- Born: Dublin, Ireland
- Education: Trinity College Dublin (Choral scholar) • Dundalk Institute of Technology (MA)
- Occupation: Soprano

= Sylvia O'Brien (soprano) =

Irish singer

Sylvia O'Brien is a Dublin-born soprano.

==Education==
O'Brien was a choral scholar at Trinity College Dublin and sang in the choirs of both the Anglican Christ Church Cathedral and the Roman Catholic St. Theresa's Church in Dublin. She studied for a master's degree in contemporary vocal techniques at the Dundalk Institute of Technology.

==Career==
O'Brien made her operatic debut in 2004 as the governess in Benjamin Britten's The Turn of the Screw with Opera Theatre Company, Ireland's national touring company (now part of Irish National Opera).

O'Brien has sung leading roles with English Touring Opera, including Gabiella (Countess Zedlau) in Strauss' Vienna Spirit and Costanze in Mozart's Die Entführung aus dem Serail.

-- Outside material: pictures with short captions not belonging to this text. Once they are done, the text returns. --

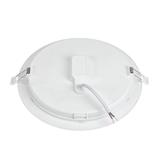 ALGINE ECO 2w1 NATYNK-PODT. DOWNLI 18W WW 230V 110st IP20 IK06 223x35mm BIAŁY okrąg 2200 lumen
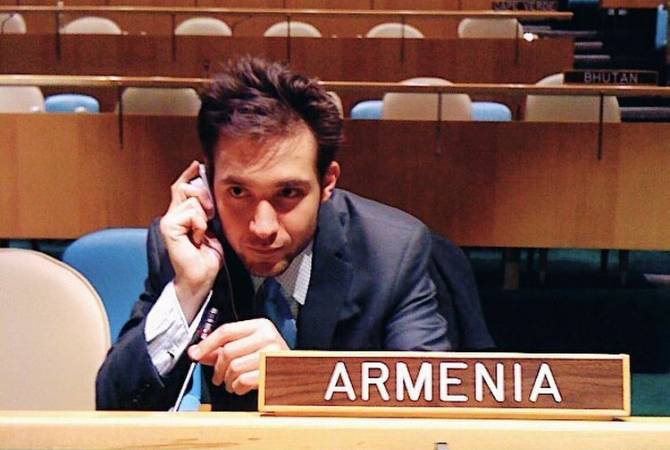 Alexis Ohanian congratulates Armenian Independence Day, says “junior will visit one day” 
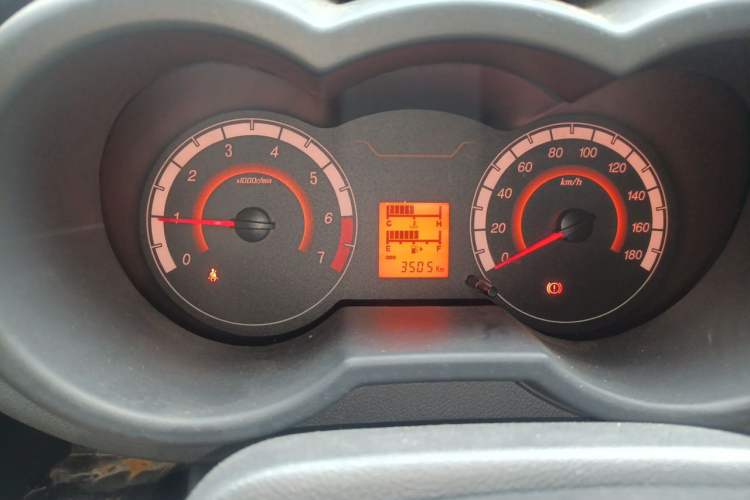 Used CHANGAN KAICHENG Star 5 2021 1.4L Standard Van China VI EA14MR Odometer Close Up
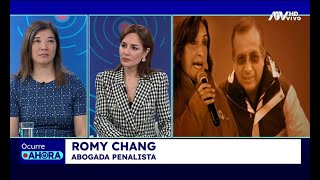 Romy Chang sobre Dina Boluarte: 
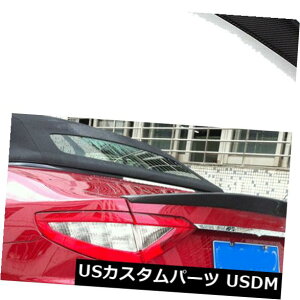 J[{f }ZeBGranTurismoRo[`u12-14̃AgNX|C[Yf@ Rear Trunk Spoiler Wing Carbon Fiber For Maserati GranTurismo Convertible 12-14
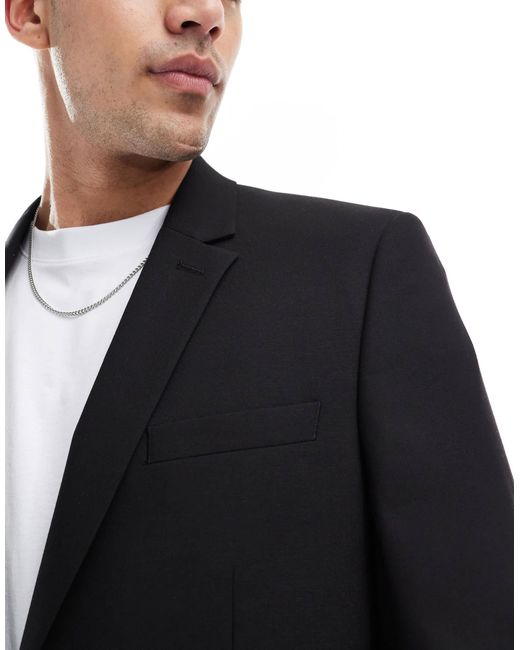 ASOS Blue Regular Suit Jacket for men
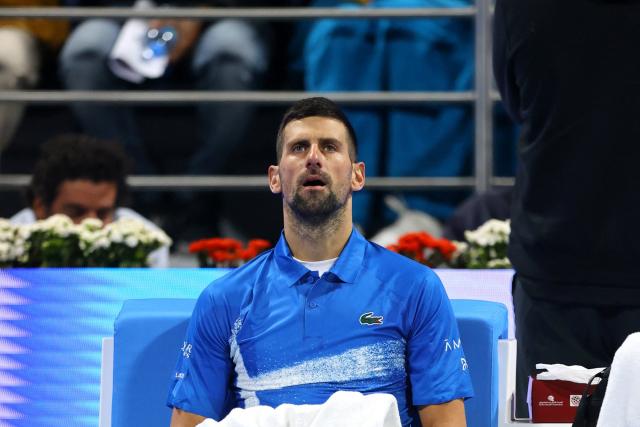 Novak Djokovic : « J'essaie toujours de prendre soin de mon corps au quotidien, mais c'est plus compliqué »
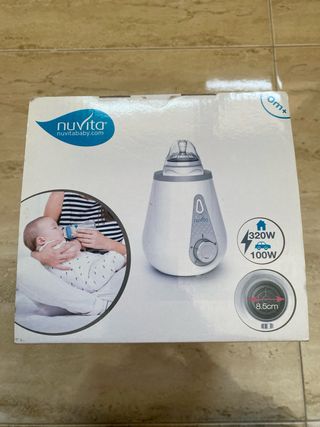 NUEVO calienta biberones para casa y coche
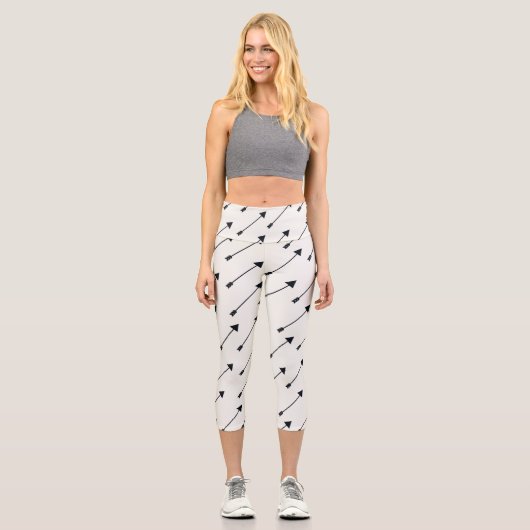 Leggings Capri Flèches (Recto)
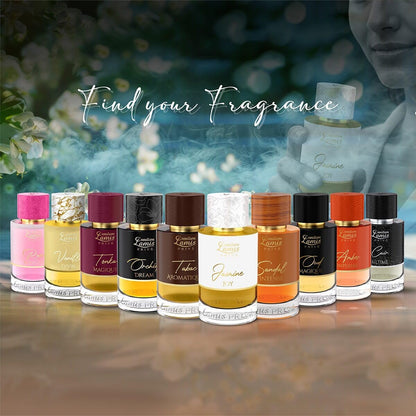 Creation Lamis Privé Amber Imperial Eau de Parfum, 100ml, Unisex Amber Chypre Fragrance - ingredients panel (19)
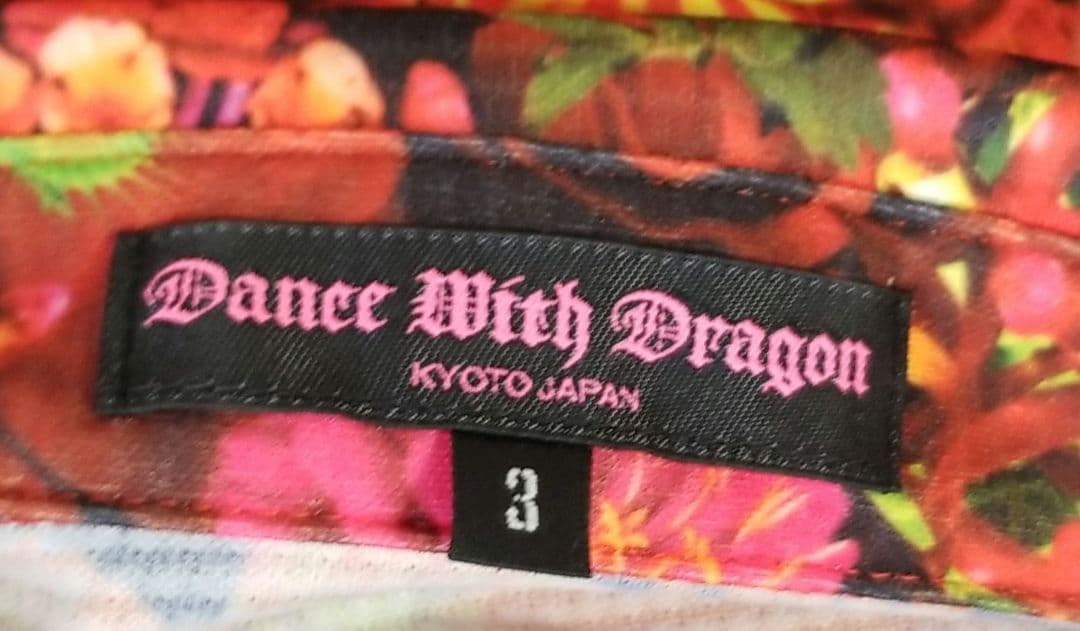 【新品】ダンスウィズドラゴン フラワー ワンピース ゴルフ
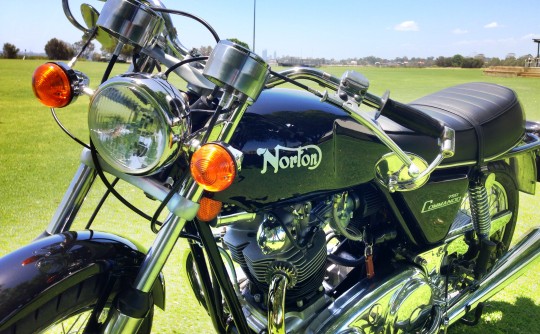 1971 Norton 750 Commando Roadster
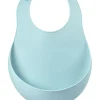 Bavoir Silicone Airy Green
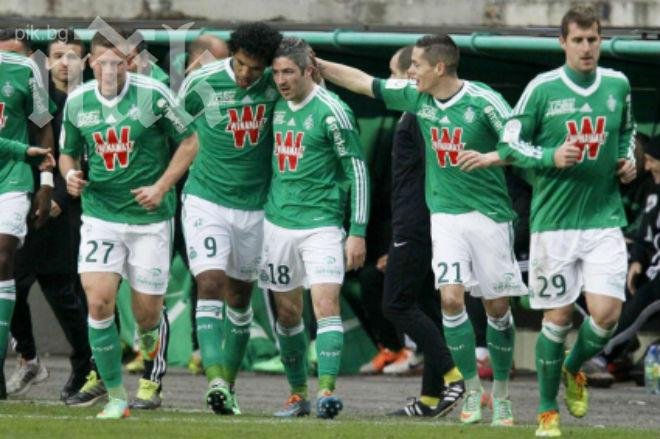 Бербатов игра 9 минути при тежка загуба на Монако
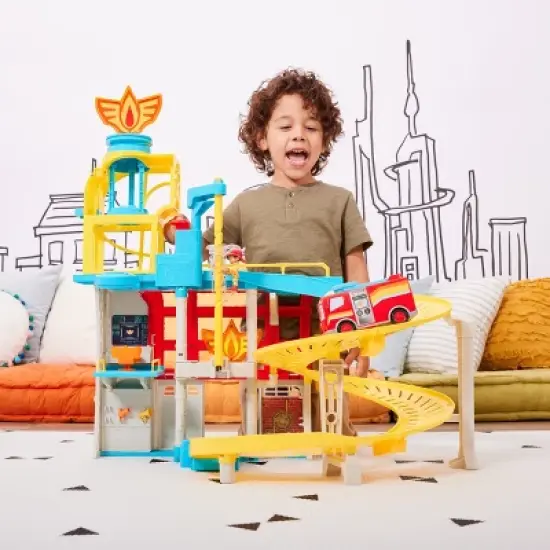 Firebuds Disney HQ Doll Playset image {4}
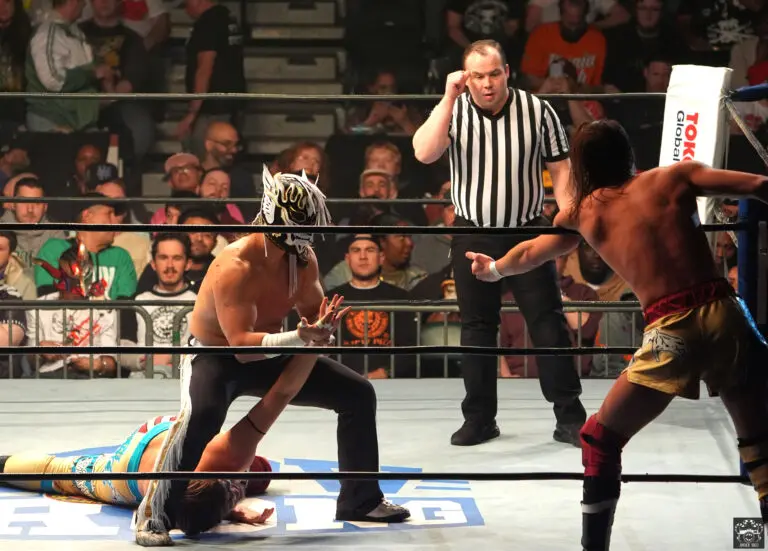 New Japan Pro Wrestling’s New Beginning in Trenton, NJ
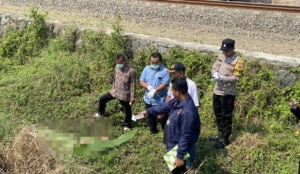 Kecelakaan Maut di Perlintasan Kereta Api Tanpa Palang Pintu, Satu Orang Meninggal Dunia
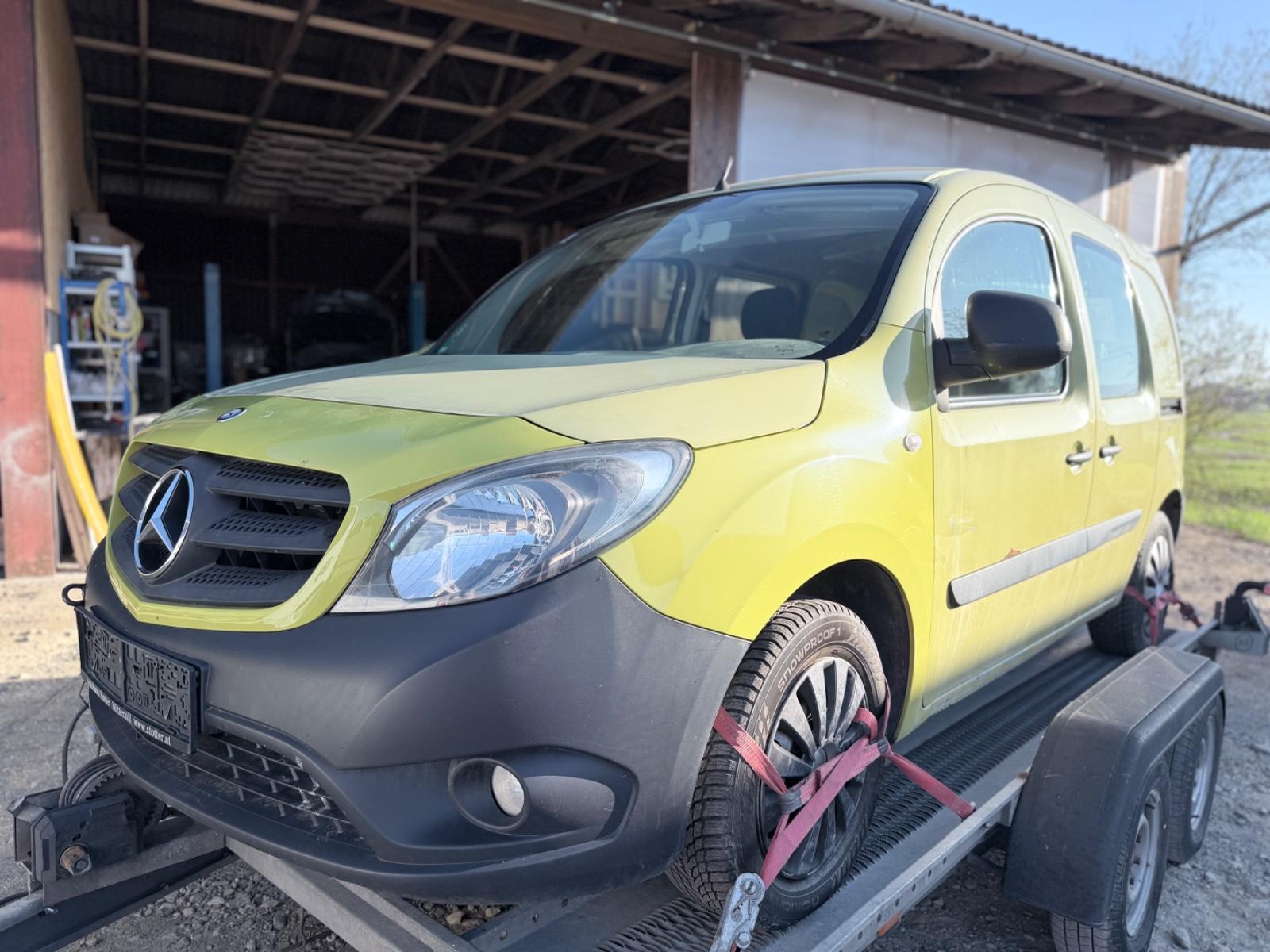 Mercedes-Benz Citan Kasten 109 CDI Lang*Motor startet nicht !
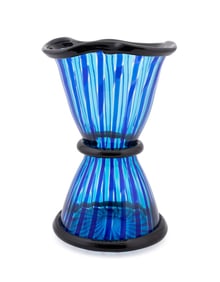 ELENA CUTOLO FOR VENINI 'ROSA TEA' VASE, 2005-8/9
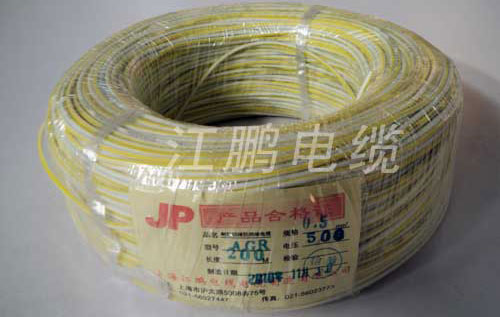 245IEC03（YG）硅橡胶编织电线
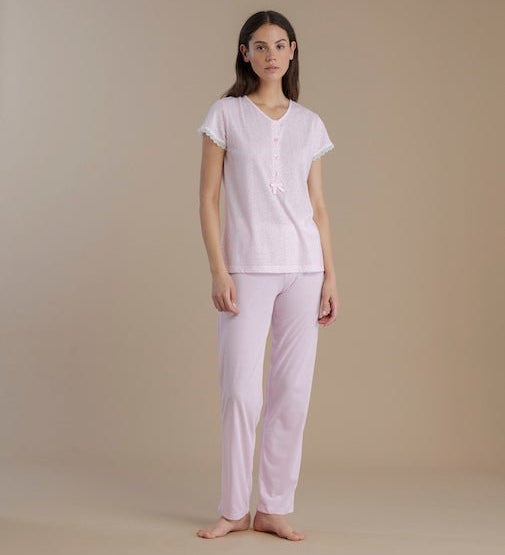 Pigiama Donna Noi di Notte FA9200 - Biancheria da sogno Pedata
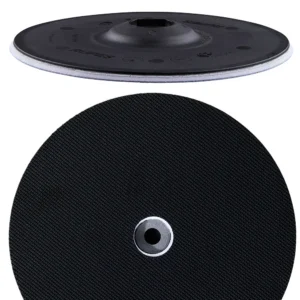 RUPES PrecisionPro Backing Plate - 125mm/5" - Velcro M8 Bolt & Shroud Lubricant
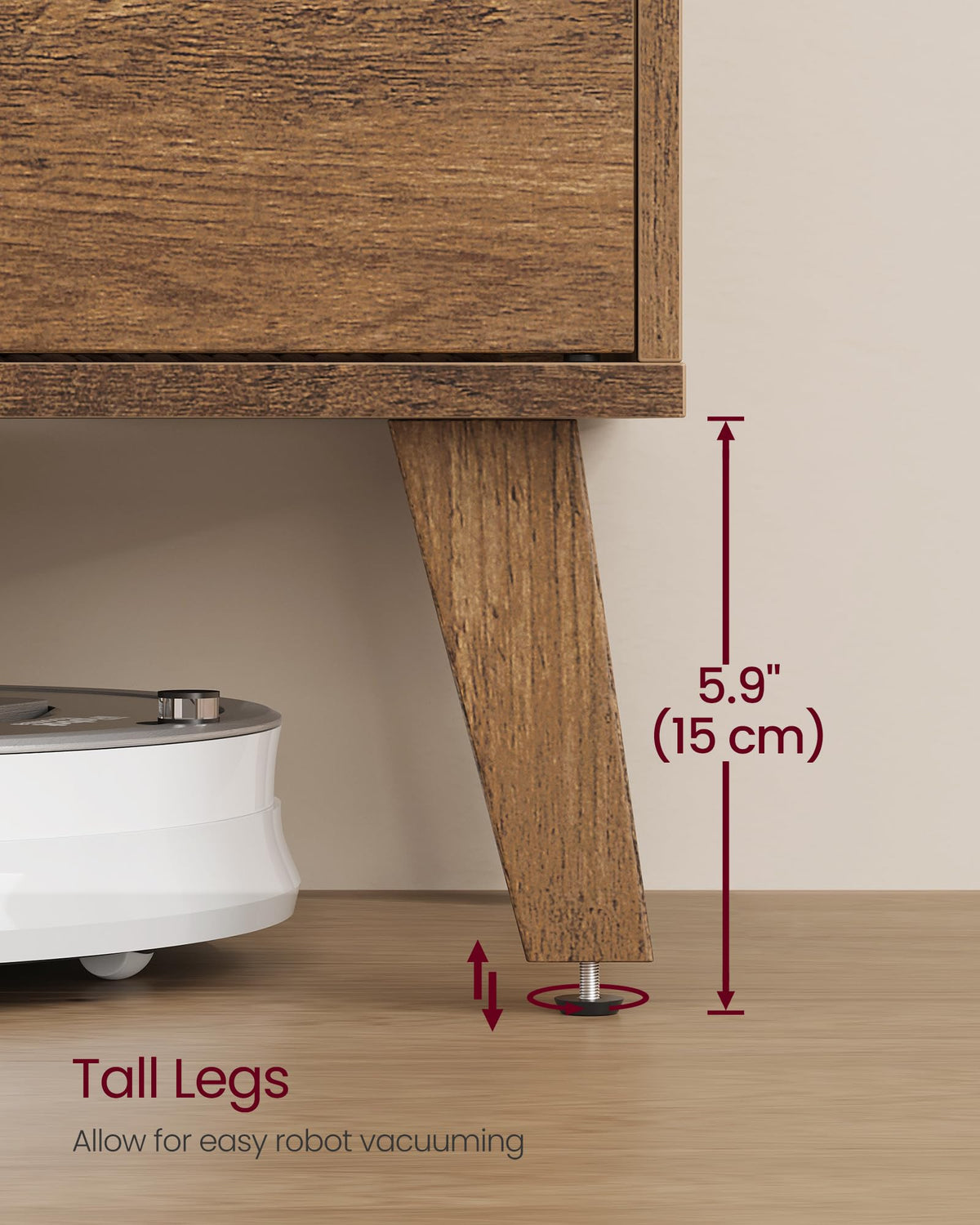 TV Stand with Adjustable Shelf O370871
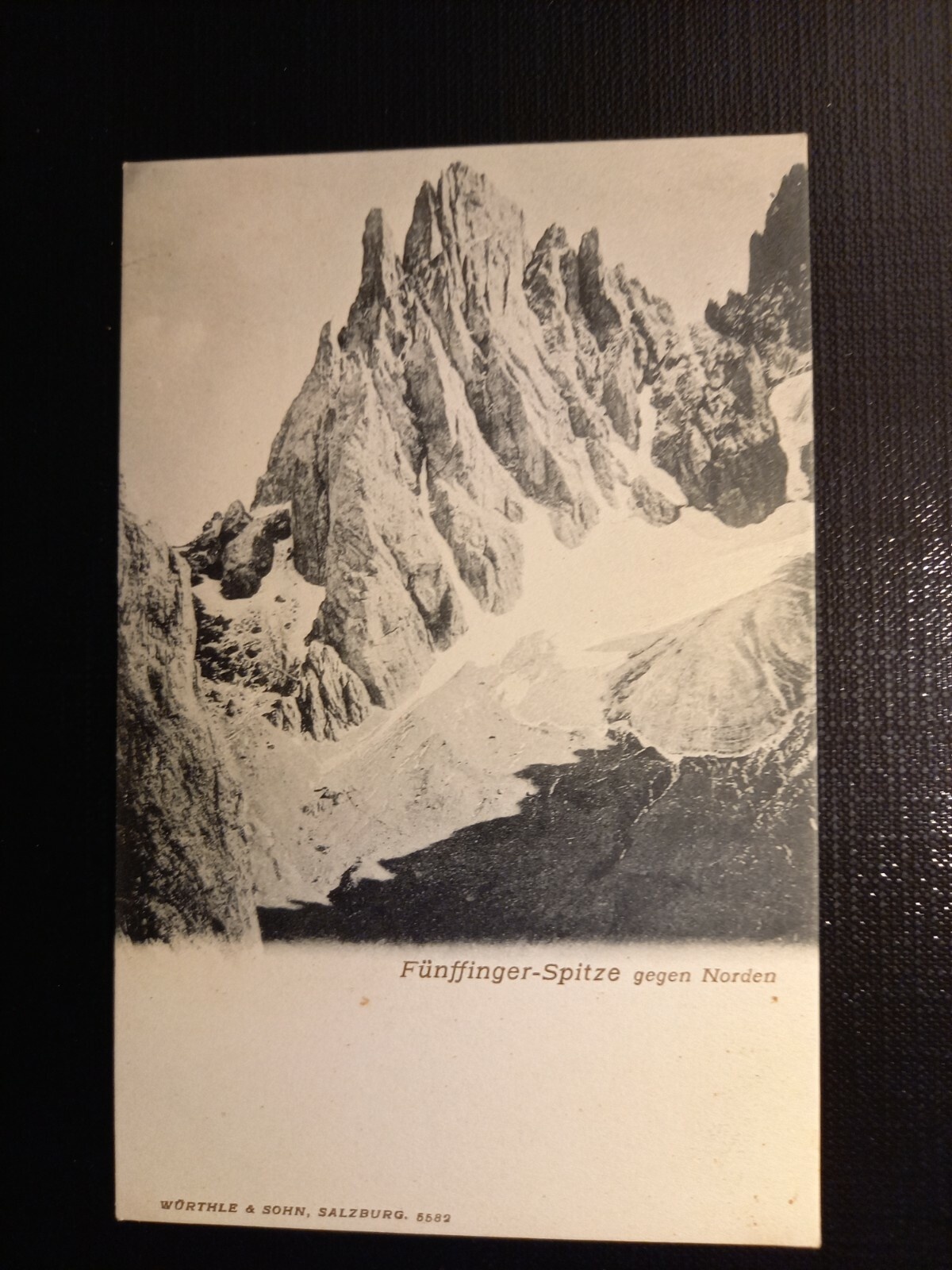 Fünffinger Spitze 400292 gr F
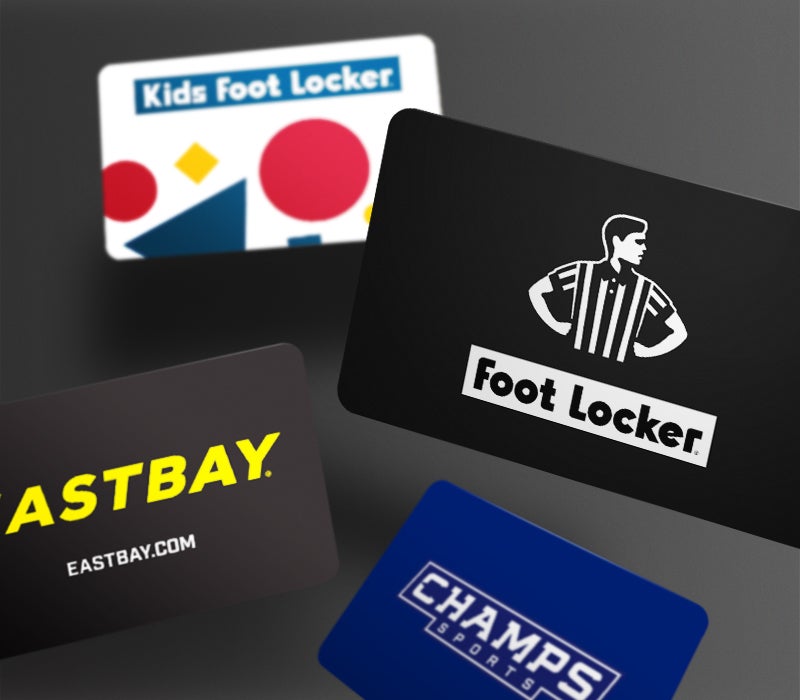 gift card balance foot locker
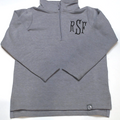 BLOOPER KIDS: Monogrammed Kids Pullover Sweatshirt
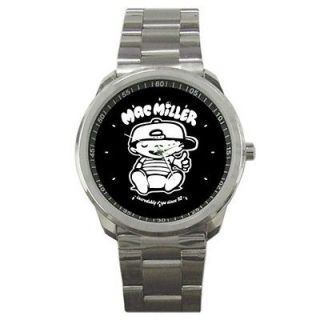 mac miller knock knock sport metal watches new from hong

She has also sung as a soloist with the Irish Chamber Orchestra (Bach's St. John Passion, 2008) and the RTÉ National Symphony Orchestra (Morton Feldman's, Neither, at the RTÉ Living Music Festival 2006).

She has sung with several of Ireland's leading contemporary music groups including the Syrius Trio, with whom she toured Ireland in 2006 singing Seven Romances on Verses by Alexander Blok in an all-Shostakovich programme, followed by a performance in the Weill Recital Hall at Carnegie Hall.